DATA BELOW START

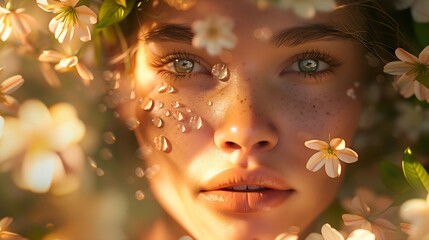 Obraz na płótnie Canvas forest fairy with blue eyes among daisies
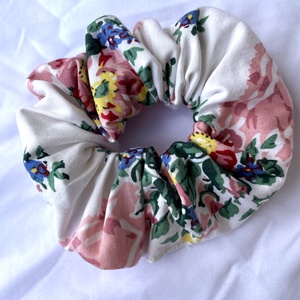 textil scrunchie hajgumi, M - vintage virág - ruha & divat - hajdísz & hajcsat - hajgumi - Meska.hu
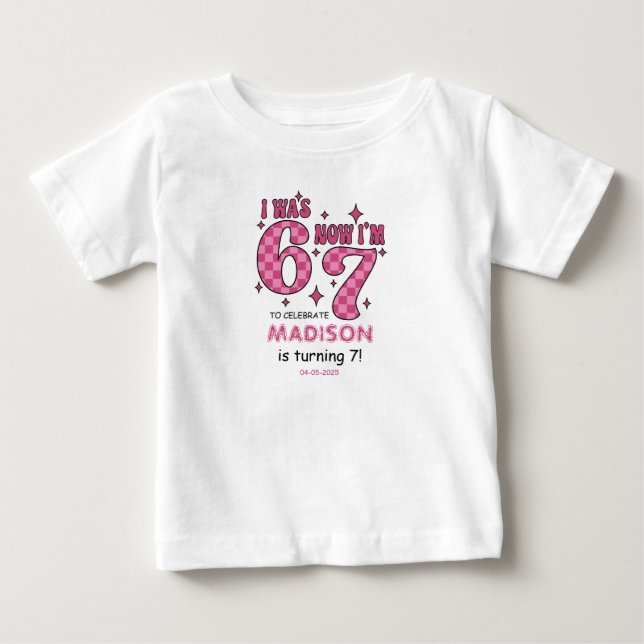 Camiseta Para Bebê Aniversário Divertido de 7 Anos | Festa “Eu Era 6, (Frente)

DATA BELOW END

Each line of the data needs to be output exactly, with any image excluded.

 Obraz na płótnie Canvas forest fairy with blue eyes among daisies
 textil scrunchie hajgumi, M - vintage virág - ruha & divat - hajdísz & hajcsat - hajgumi - Meska.hu
 Camiseta Para Bebê Aniversário Divertido de 7 Anos | Festa “Eu Era 6, (Frente)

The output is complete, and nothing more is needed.